And, so as I mentioned, we raised Haymaker one, which was $330 million in November of 2017. We announced a business combination in November of 2018, with [Inaudible 00:03:08] called OneSpaWorld, $850 million enterprise value. Operate spas and fitness facilities on cruise ships, net destination resorts around the world, and then we actually raised a pipe. We were the first SPAC to actually raise an institutional pipe. Prior to us all pipes as part of SPAC transaction came from affiliates at the sponsor and we raised an institutional pipe, $180 million, included Goldman Sachs Asset Management, Franklin Templeton, Neuberger Berman, Baron Capital, and Monashee. We were also the first SPAC to receive sell side research prior to the closing of the business combination. That success led us to raise Haymaker II in the summer of 2019, which was a $400 million SPAC.

And last year we completed a business combination with Arco Holdings, GPM Investments, which is the seventh largest operator of C-Stores in the United States. They operate under 17 different banners. It’s been a roll-up strategy over the last decade or so. And we also raised a pipe, as part of that transaction and earlier this year we raised Haymaker III, which was a $300 million SPAC. And shortly after the SPAC IPO, I left to join Glazer Capital. And help the Glazer team in building the Meteora Capital Partners platform, as you mentioned which is an affiliate and we’re really focused on the broader SPAC ecosystem, which I’m happy to talk in detail as we go on, 

Julian Klymochko: Yeah, prior to getting into the principal side of the business, I wanted to focus on SPAC operations and process with respect to ultimately getting to a business combination. Obviously before that there’s, a ton of groundwork that you’ve got to cover sourcing deals, due diligence. So, I was wondering, you know, how do you source potential business combinations? What do you look for? What’s part of the due diligence process between initially coming across a potential target and then, you know, signing the business combination agreement?

Joe Tonnos: Yeah, certainly. And you wonder what the market’s changed quite a bit since we first started in 2017, just by nature of volume of number of SPACs, it’s become so much more competitive. 

Julian Klymochko: Right.

Joe Tonnos: And the type of diligence that’s done and everything obviously has changed a little. 

Julian Klymochko: like when you guys launched Haymaker I, how many SPACs were out there, like 20?

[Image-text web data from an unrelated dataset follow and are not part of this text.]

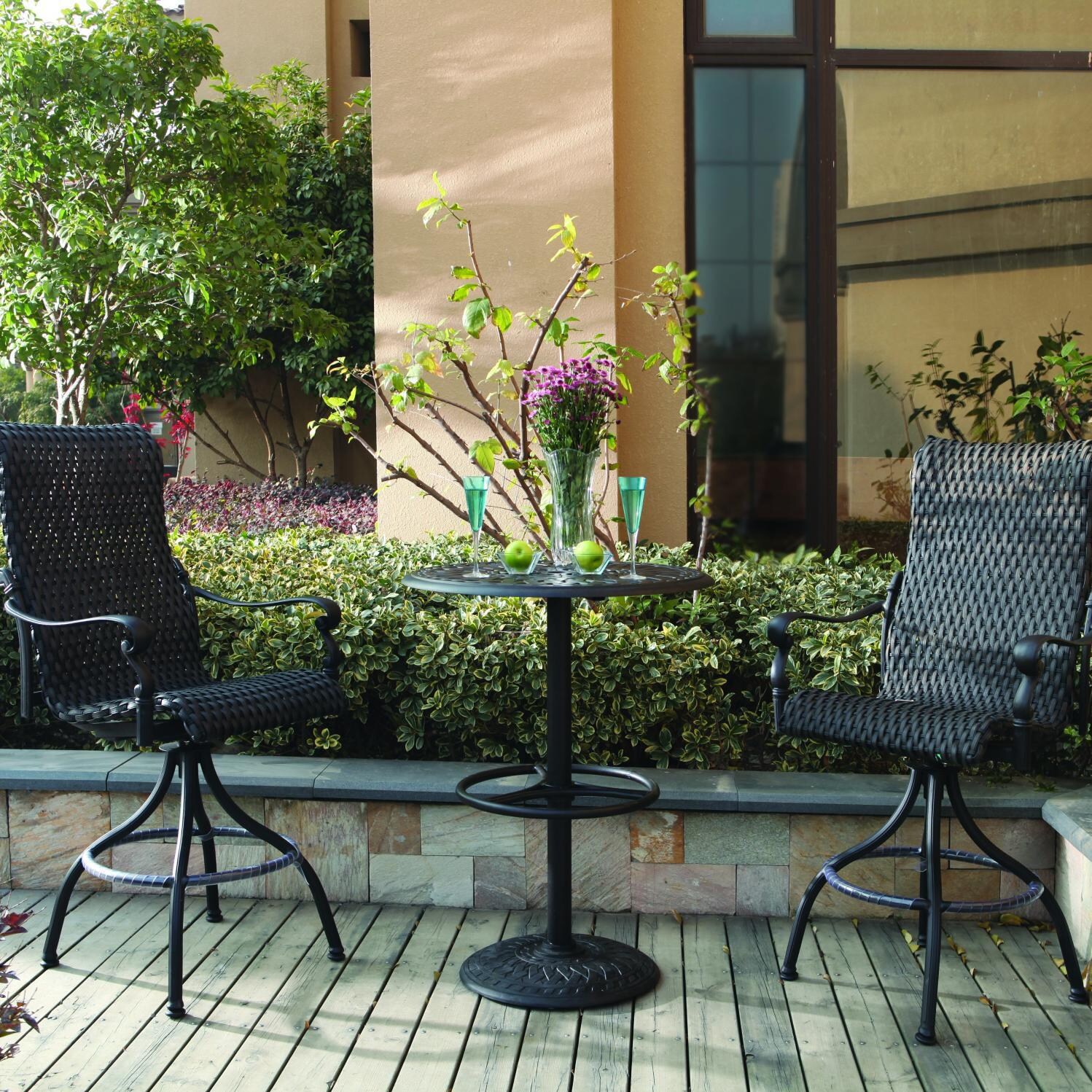 Darlee Victoria 2-Person Resin Wicker Patio Bar Set - Espresso thumbnail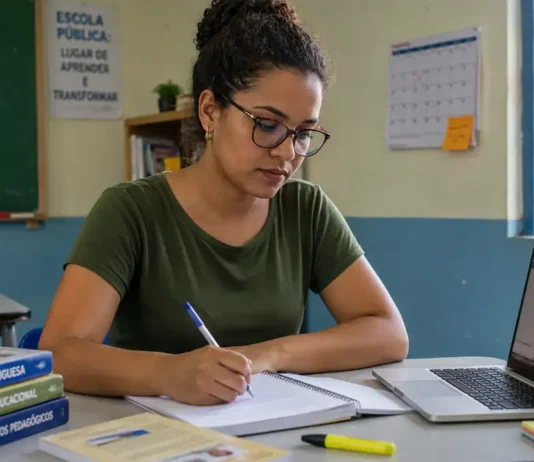 PND 2026 adia cartão para 9 de setembro; nota já é usada em concursos de Rondônia Professora estuda em sala de aula para a PND 2026, cujo cartão será liberado em 9 de setembro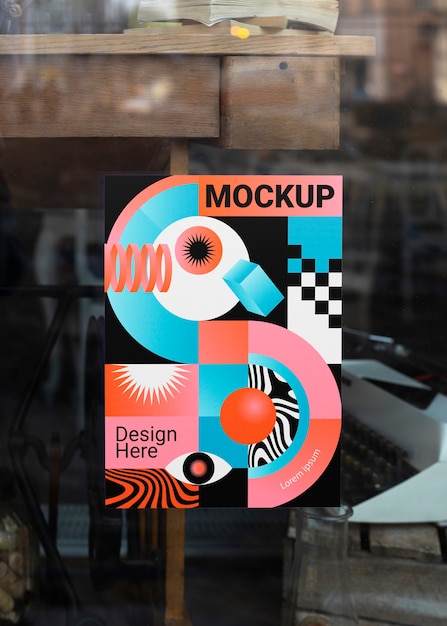 Poster mockup in shop window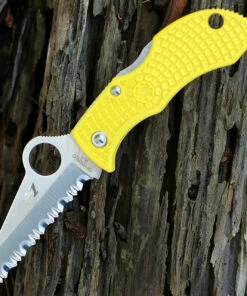 Spyderco Knives Spyderco MYLS Manbug Salt, 1.9" H1 Serrated Blade, Yellow FRN Handle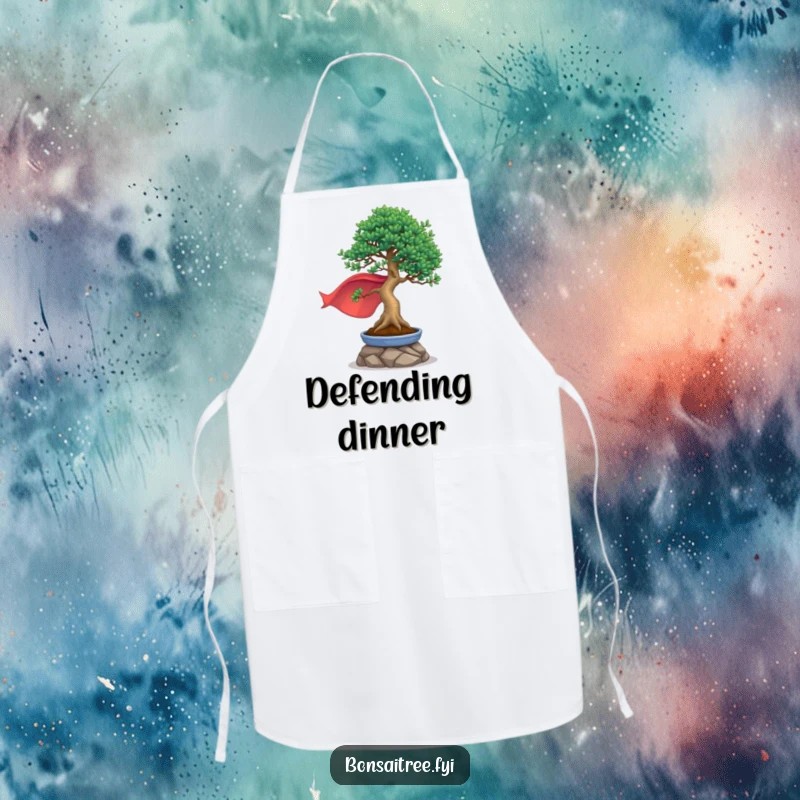 Funny chef apron with a bonsai tree in a cape striking a heroic pose, perfect for kitchen heroism and a funny gift.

Joe Tonnos: Yeah, there was about 20, I don’t know the exact number, but I know it wasn’t more than 25, that much I’m certain of. It was somewhere in like that 21, 23 kinds of number when we launched Haymaker I and, you know, it was a small group and we spent interestingly enough, you want to talk about kind of some of the steps in the process. When we first started talking with, target candidates on Haymaker I, we usually spent the first meeting or bulk of the first meeting describing what a SPAC was and why a SPAC alternative made sense for that target and the target company shareholders. And obviously that’s no longer necessary, at least in probably 99% of situations, it’s not, but it was an education process. I remember we put together a deck at Haymaker I. Here’s what a SPAC is.

Here’s why a SPAC is good alternative, so on and so forth. Even once we got to Haymaker II, some of the early conversations we had still required a level of education. But certainly not necessarily the case anymore. We were fortunate, when I was part of the Haymaker team, Steve and Andy obviously had long tenured careers, as I mentioned, and had a very expansive network. So, we really leaned on those networks. Obviously, Mistral had been a long time, private equity sponsor. And so, we just had relationships all over the street with other private equity groups, venture groups, growth equity groups, corporates, family offices, you name it. We were very fortunate. So, we really kind of tapped those networks initially. We came up with a pretty extensive target list.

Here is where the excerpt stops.